Number 3 is probably less useful outside fields where you’re constantly trying to “scale” systems… but in any case, it’s a thought experiment that happens to be really good at exposing the boundaries of concepts. Like… “okay, I built one server… now, what if I needed to manage a farm of 1000? What issues then become more pronounced?”

Out of curiosity, do any of these platforms try to marry itself with paper workflows? Maybe stuff like:

  • teachers can submit a printable paper doc
  • students can print it out as needed, submit the finished result
  • students can take pictures of their handwritten notes and store them in a digital journal
  • platform comes with handwriting analysis, full-text-search, … all that jazz?
[–] andros_rex@lemmy.world 3 points 14 hours ago

Canvas has a very neat “annotation” tool, where the teacher can upload a document and students can write on it and submit.

I also see a lot of canvas assignments where the answer is in an auto graded quiz, but the teacher has the students take a picture and upload to show their scratch work. This can be added as a “question” to the assignment.

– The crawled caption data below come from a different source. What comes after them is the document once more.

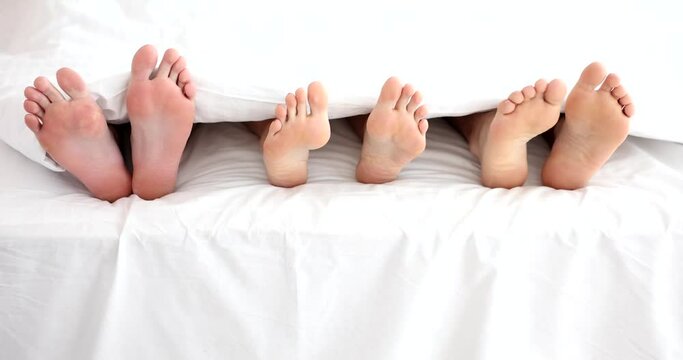 Legs of woman with two men in bed in bedroom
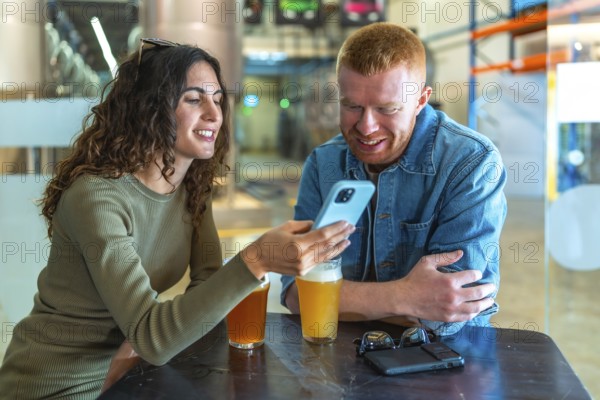 Young couple sitting at a table in a brewery or beer factory, having a conversation and sharing content on a smartphone while enjoying refreshing glasses of craft beer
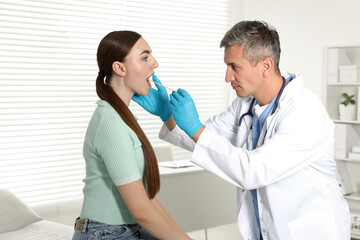 Wall Mural - Doctor examining woman's throat with tongue depressor in clinic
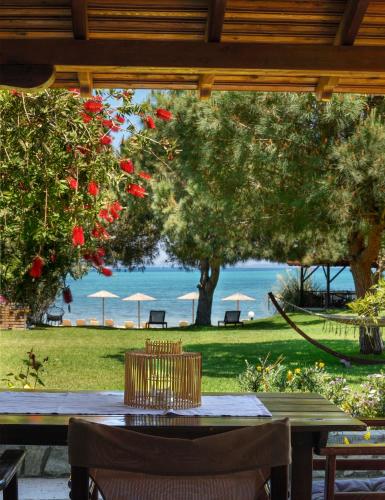 a table and chairs with a view of the ocean at 4Elies apartments in Vourvourou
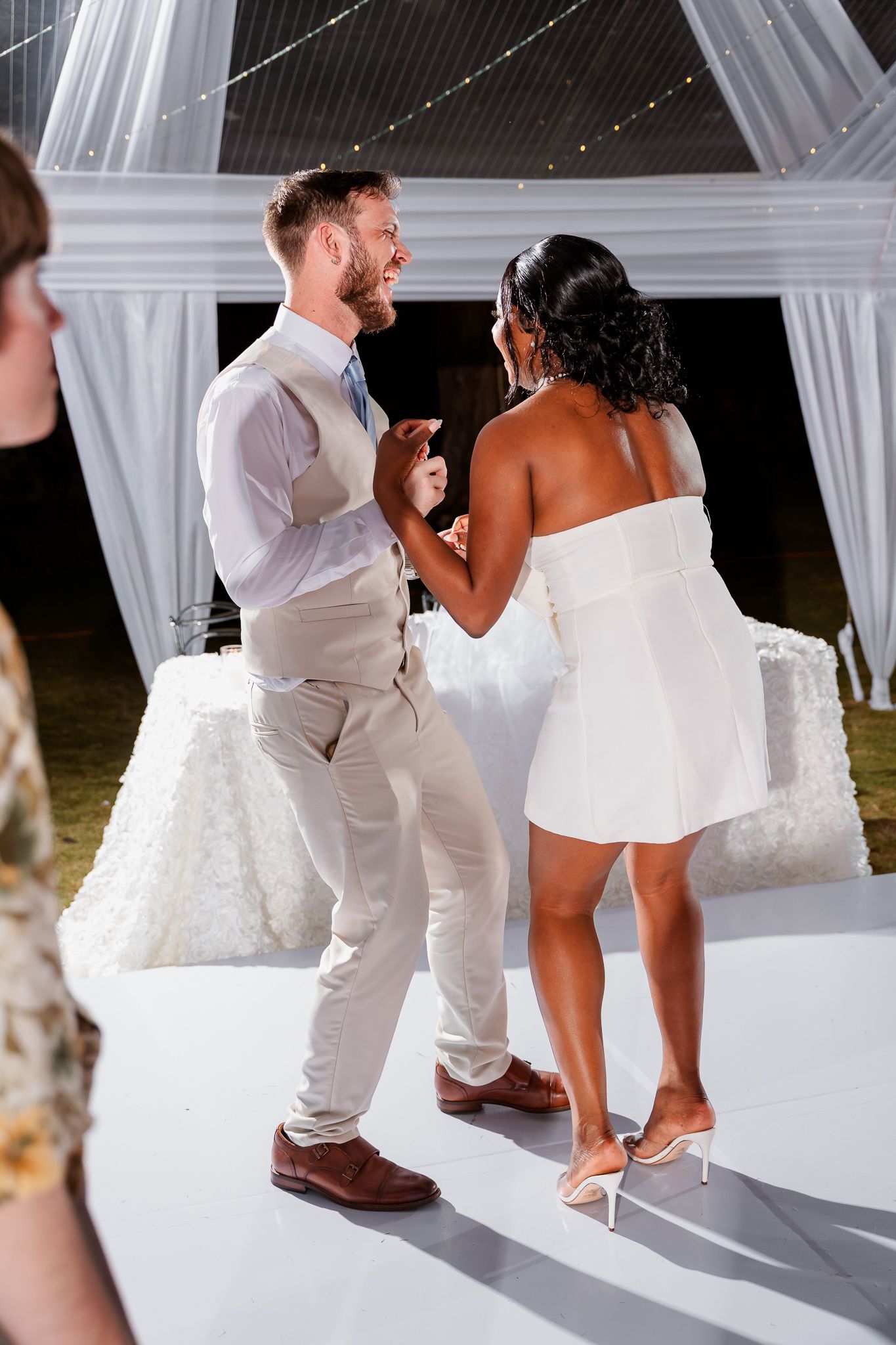 Interracial couple sharing first dance at outdoor wedding reception, groom in tan suit, bride in white mini dress.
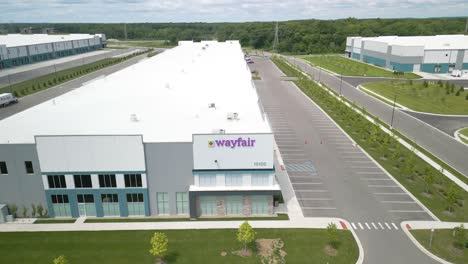 Orbiting-Drone-Shot-Above-Wayfair-Inc-Warehouse-on-Typical-Day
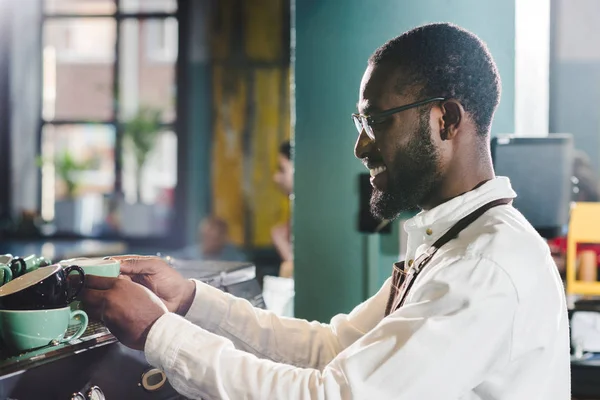 Vista lateral de sonriente joven africano americano barista sosteniendo tazas y trabajando con la máquina de café en la cafetería - foto de stock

There are good ways to use the tools for sure - I did really like that the auto graded quizzes on canvas could use randomized numbers. Eg, when I did speed/distance/time, I could write a word problem where it would randomize the quantities so each student got a unique quiz and couldn’t cheat.

Tools like PHeT/CK12/other simulation programs are also a godsend. Even working with college chemistry, being able to show visual representations of acid/base dissociation or how to balance an equation makes things so much easier.

The platforms are great - the work flow problems are more consequent to the way the school system is set up, especially in the Title 1 hell schools that are left to fall through the cracks.